Scott Mendelson's Blog

Open Salon's resident movie nerd and box office geek.

Scott Mendelson

Scott Mendelson
Location
Woodland Hills, California, United States
Birthday
April 02
Bio
A ten-year Salon reader, Mendelson also has a film and politics blog/column at Mendelon's Memos: located at: http://scottalanmendelson.blogspot.com/. He is also a free lance voice over artist and occasionally contributes film reviews for www.ValleySceneMagazine.com.

Editor’s Pick
NOVEMBER 20, 2009 2:25AM

Super Amazing weekend box office prediction for New Moon!

Rate: 4 Flag

Based on my top-secret, patented box office estimation formula, I hereby state that Twilight Saga: New Moon will gross $81 million over its first three days.  No... wait, it will actually gross $91 million!  It will definitely gross $81 million and/or $91 million!  How do I know this?  Simple.  To quote everyone's favorite fictional Spanish teacher, played by Dr. Ken Jeong, I am a box office genius!  If you recall, I did a comparison chart of every single franchise launched in the last ten years. I listed every single one unless I'm forgetting a franchise or two and how their sequels did over opening weekend compared to the initial entries.  Go there.  Checked it out yet?
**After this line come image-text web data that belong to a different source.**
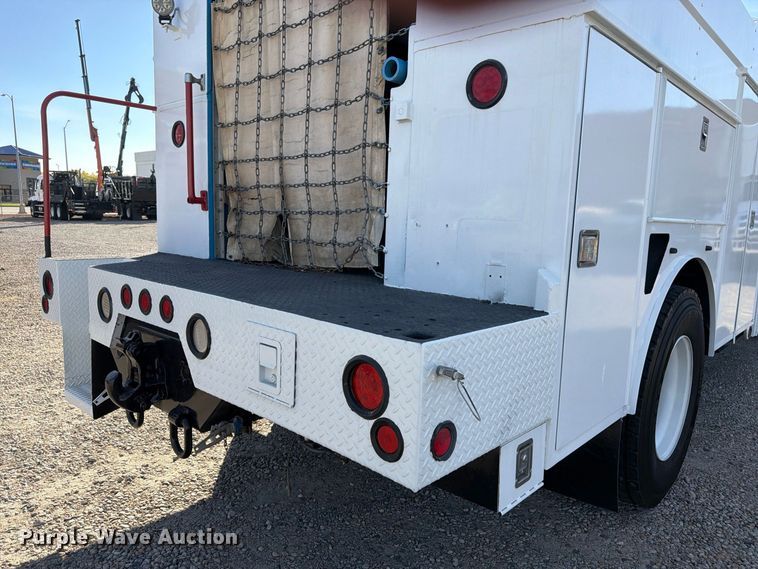 image for item FM7729 2012 International DuraStar 4400 utility / service truck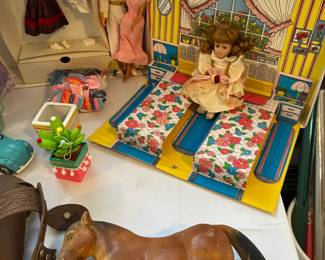 Barbie carrying case and vintage toy horse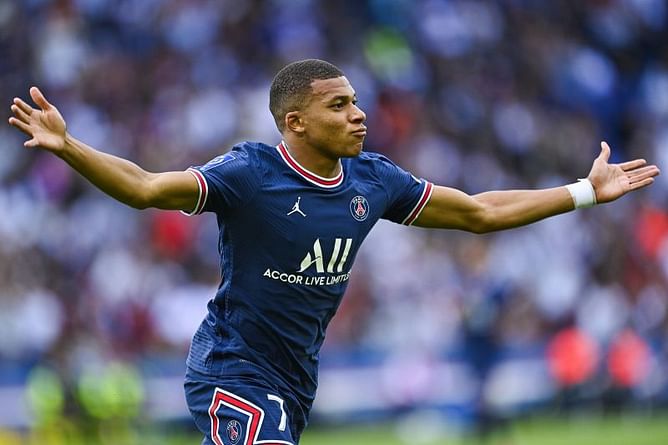 PSG 4-0 Clermont Foot: 5 Talking points as goals from Herrera, Mbappe and Gueye keep PSG's 100% record intact | Ligue 1 2021-22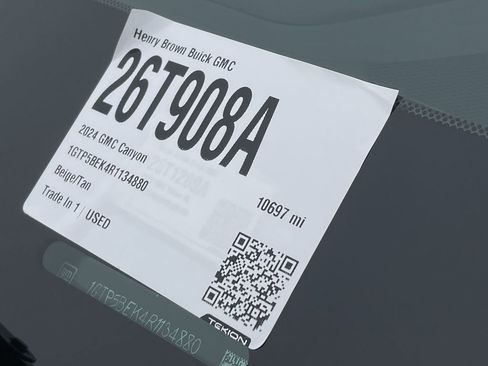 Used 2024 GMC Canyon Elevation w/ Convenience Package image 33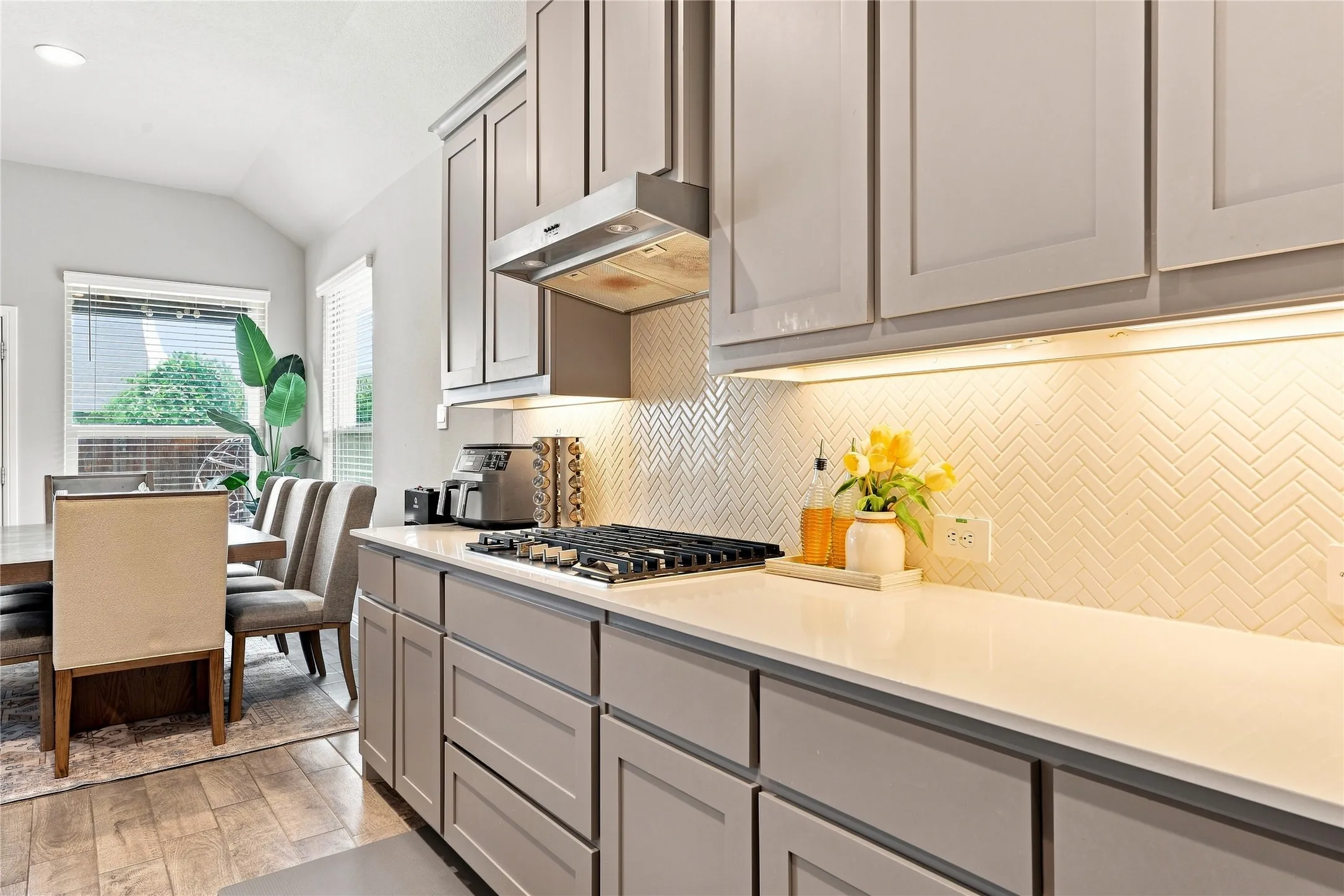 Single Family Residence For Rent in Tarrant County , 11516 Nicholson Lane, Fort Worth, Texas 76244, 4 Bedroom, 2 Bathroom, 2 Garage spaces, 2,508 Sqft, built in 2024, mls#21402088, Real Estate Agent in Fort Worth, Homes For Rent in Tarrant county, Homes For Rent in Fort Worth, Realtor in Fort Worth Texas, Real Estate Brokerage Independent Realty Texas, Luminita Cordes Realtor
Ok, welcome back.  You'll notice that the biggest percentage jump for pure Fri-Sun stand-alone opening weekends for the first and second film in a franchise is the Harold and Kumar series.  Harold and Kumar Goes To White Castle (the best comedy of the decade and one of the finest films made about race relations, but more on that next month) opened with just $5.4 million in its three-day opening weekend.  It's terrible sequel, Harold and Kumar Escape From Guantanamo Bay opened to $14.9 million.  That's a jump of 276% between films.  On the other hand, the biggest decline in sequel opening weekends over the last ten years was suffered by Hostel 2Hostel 2 opened to only $8.2 million, or just 42% of what the original Hostel opened with 18 months earlier ($19.5 million).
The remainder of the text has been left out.